Leaving pictures aside, restate exactly the lines of the data below, from the first one through the line that contains "Tu Chân Nói".

-- MATERIAL FOR THIS EXERCISE follows --

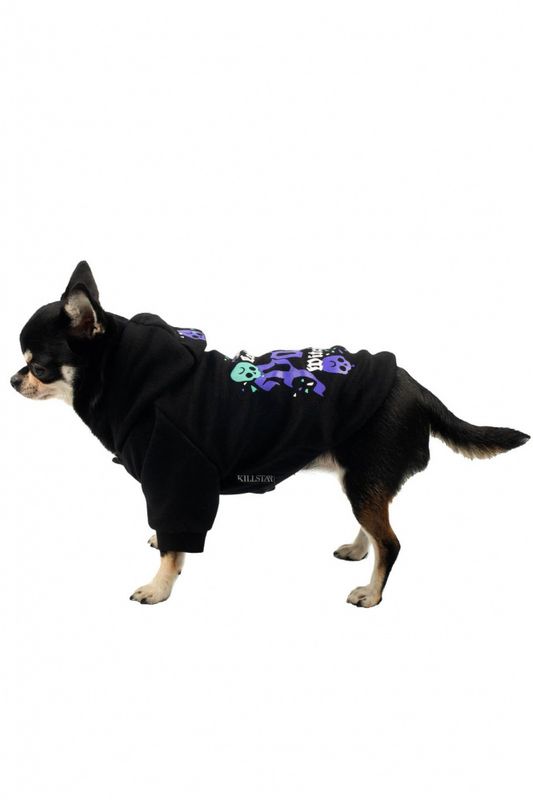 Party Pet Hoodie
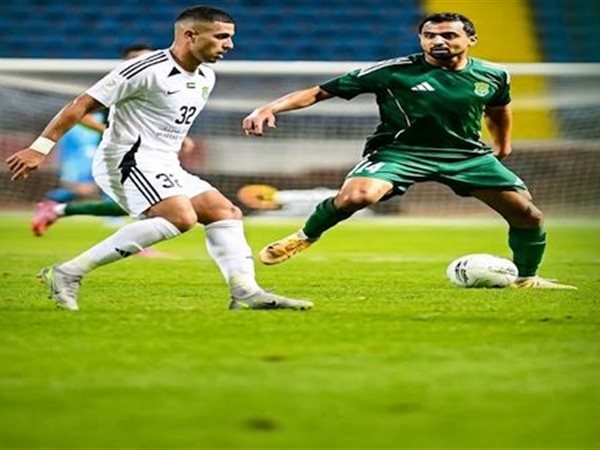 التعادل السلبي يحسم مواجهة الإتحاد وطلائع الجيش بالدوري الممتاز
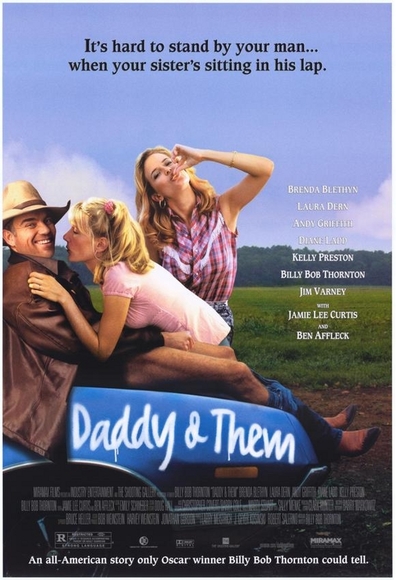 Movies Daddy and Them poster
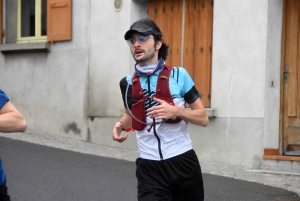 Le Puy Urban Trail : les photos des 27 km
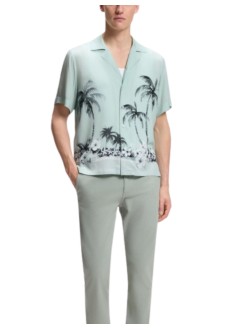 boss camiseria hombre rayer_m - 50559632 446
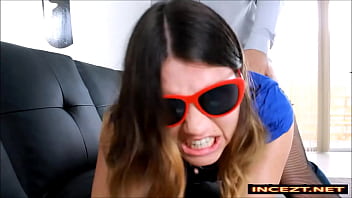 Preview 4 of Real Virgin First Time Fuckimg - Doggystyle drilling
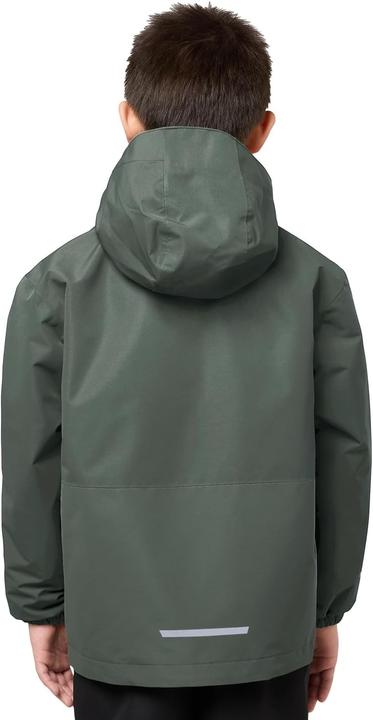 Immagine prodotto Jack Wolfskin Iceland 3In1 Jacket K (92)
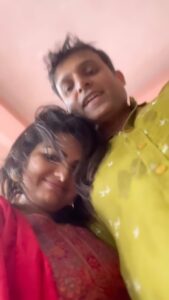 Sandra Thomas Instagram - Paathi malar

#betterhalf #love #couplegoals #mine #mylove #soulmate #relationshipgoals #lovequotes #couple #bettertogether #instagood #lovefeelings #loveyou #tamilbgm #truelove #loveislove #lovestory #loveofmylife #instagram #kollywood #madeforeachother #couples #arrahman #tamillovesong #quotes #goals #cutecouples #feelings #instalove #missyou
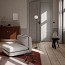 Model 1081 Floor Lamp - 182cm
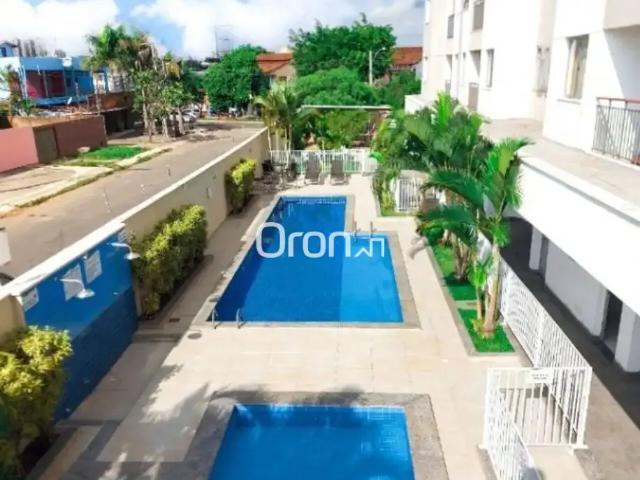 Apartamento venda em Região Geográfica Imediata de Goiânia, Aparecida de Goiânia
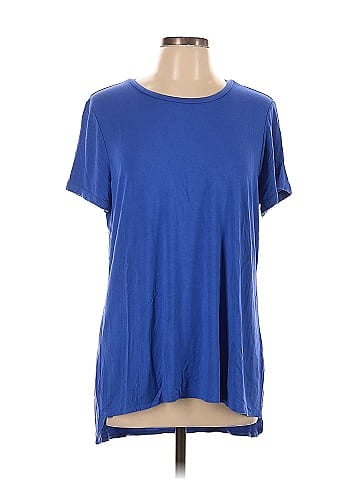 Ellen Tracy Short Sleeve T-Shirt (view 1)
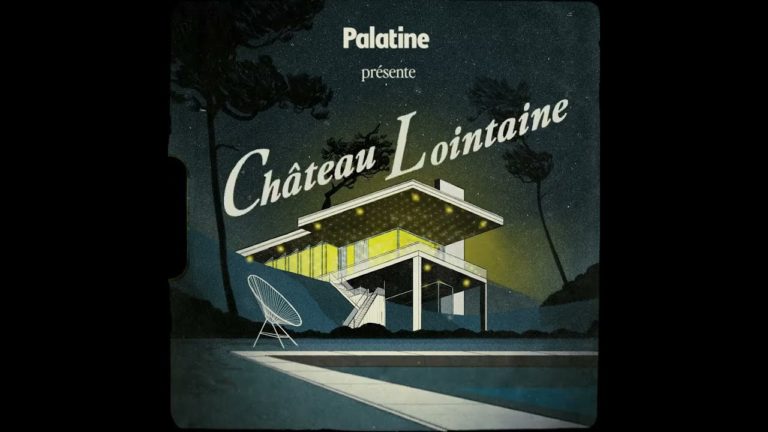 Palatine "Chateau Lointain"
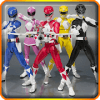 Samurai Rangers Galaxy War加速器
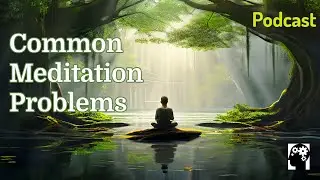 Common Meditation Problems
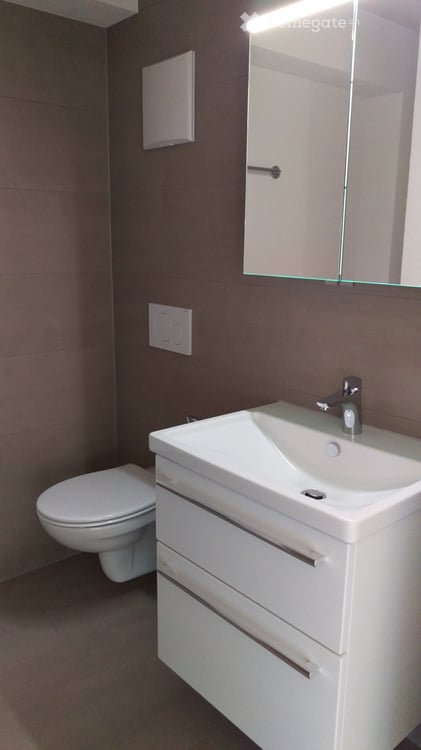 Heimelige Wohlfühlwohnung - Fixkosten inkl. priv. Stromkosten ! 10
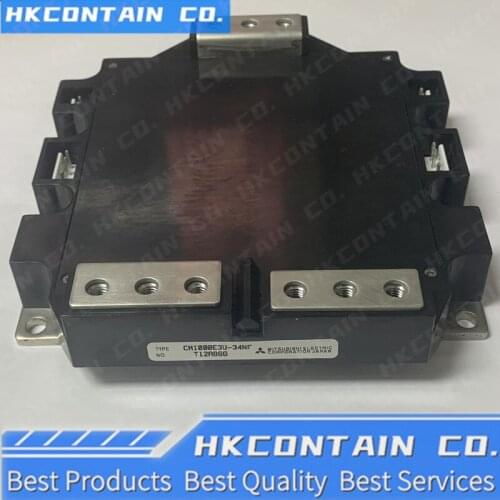 NEW MODULE CM1000E3U-34NF CM1000E3UA-24A FREE SHIPPING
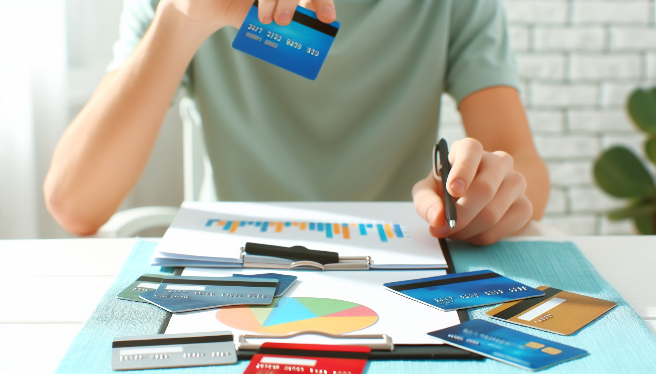 Maximizing Perks from Credit Card Rewards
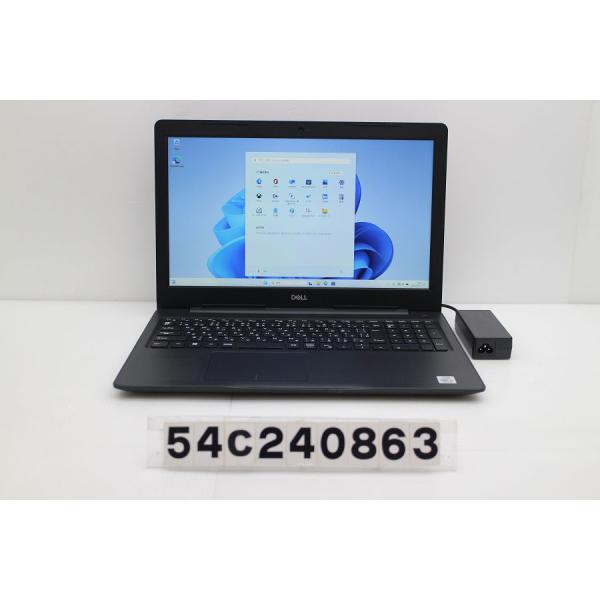 ノートパソコン DELL Vostro 3590 Core i5 10210U 1.6GHz/8GB ノートパソコン DELL Vostro 3590 Core i5 10210U 1.6GHz/8GB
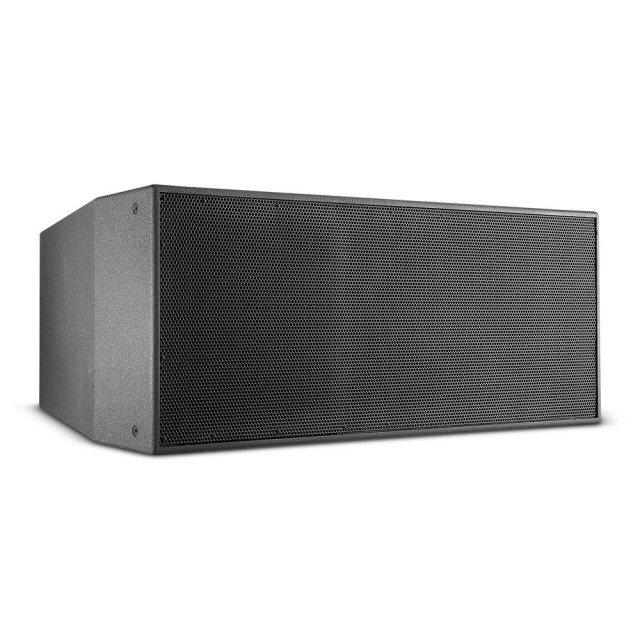 ΗΧΕΙΟ 3 ΔΡΟΜΩΝ,1600W,2X15' 2X8' 3X1.5',4/8Ω,100dB 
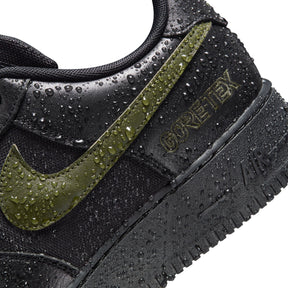 Nike Air Force 1 Low GTX "Black Cargo Khaki" - Men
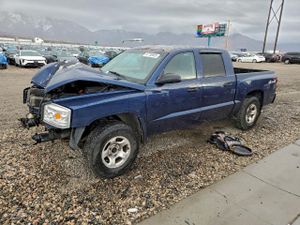 Dodge Dakota QUAD 3.7L 6 2005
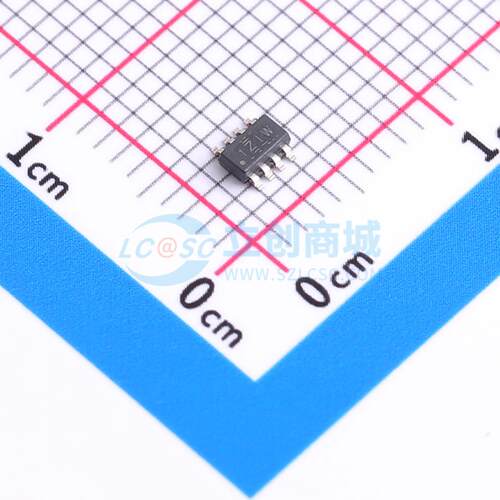 INA190A3IDDFR TSOT-23-8 全新原装 TI(德州仪器)
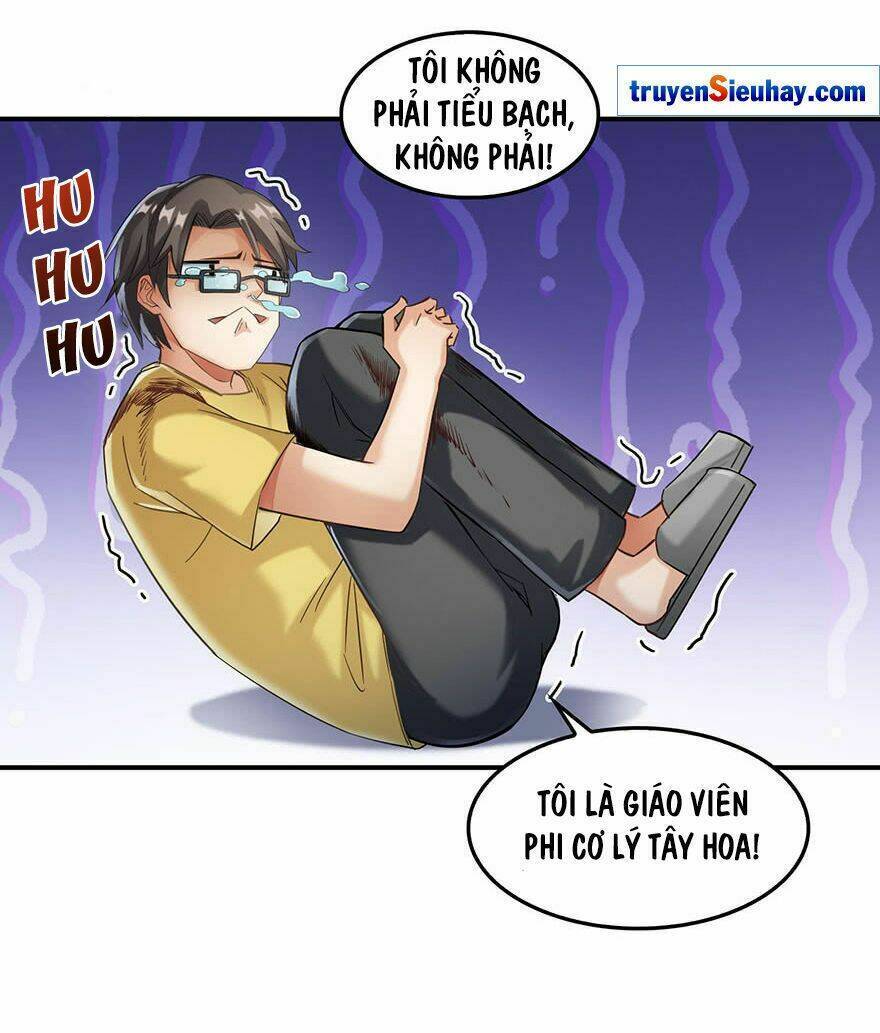 Tu Chân Nói Chuyện Phiếm Quần Chapter 143 - 21
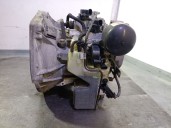 Recambio de caja cambios para fiat 500 (312_) 1.2 (312axa1a) referencia OEM IAM 09822585 55248174 F7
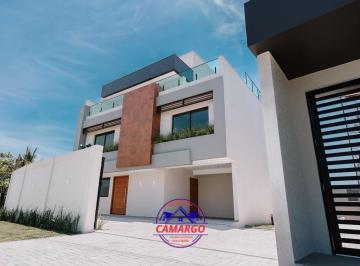 25104464_4.jpg · Luxuoso Triplex Em Cond. Fechado No Bal. Canoas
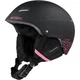 Горнолыжный шлем Cairn Android Graphic Jr mat black-pink 48-50 0606449-702_48-50 - изображение 1
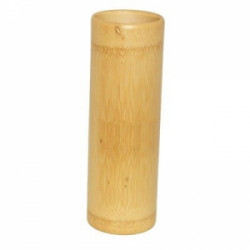Бамбуковая ваза
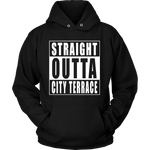 Straight Outta City Terrace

-- MATERIAL FOR THIS EXERCISE concluded --

:: EXERCISE ANSWER ::
 Party Pet Hoodie
 التعادل السلبي يحسم مواجهة الإتحاد وطلائع الجيش بالدوري الممتاز
 Movies Daddy and Them poster
 Le Puy Urban Trail : les photos des 27 km
 boss camiseria hombre rayer_m - 50559632 446
 Preview 4 of Real Virgin First Time Fuckimg - Doggystyle drilling
 Immagine prodotto Jack Wolfskin Iceland 3In1 Jacket K (92)
 Sandra Thomas Instagram - Paathi malar

#betterhalf #love #couplegoals #mine #mylove #soulmate #relationshipgoals #lovequotes #couple #bettertogether #instagood #lovefeelings #loveyou #tamilbgm #truelove #loveislove #lovestory #loveofmylife #instagram #kollywood #madeforeachother #couples #arrahman #tamillovesong #quotes #goals #cutecouples #feelings #instalove #missyou
 Model 1081 Floor Lamp - 182cm
 Apartamento venda em Região Geográfica Imediata de Goiânia, Aparecida de Goiânia
 Ellen Tracy Short Sleeve T-Shirt (view 1)
 Palatine "Chateau Lointain"
 Samurai Rangers Galaxy War加速器
 Common Meditation Problems
 Heimelige Wohlfühlwohnung - Fixkosten inkl. priv. Stromkosten ! 10
 NEW MODULE CM1000E3U-34NF CM1000E3UA-24A FREE SHIPPING
 Maximizing Perks from Credit Card Rewards
 ノートパソコン DELL Vostro 3590 Core i5 10210U 1.6GHz/8GB ノートパソコン DELL Vostro 3590 Core i5 10210U 1.6GHz/8GB
 ΗΧΕΙΟ 3 ΔΡΟΜΩΝ,1600W,2X15' 2X8' 3X1.5',4/8Ω,100dB 
 Nike Air Force 1 Low GTX "Black Cargo Khaki" - Men
 Dodge Dakota QUAD 3.7L 6 2005
 INA190A3IDDFR TSOT-23-8 全新原装 TI(德州仪器)
 Tu Chân Nói Chuyện Phiếm Quần Chapter 143 - 21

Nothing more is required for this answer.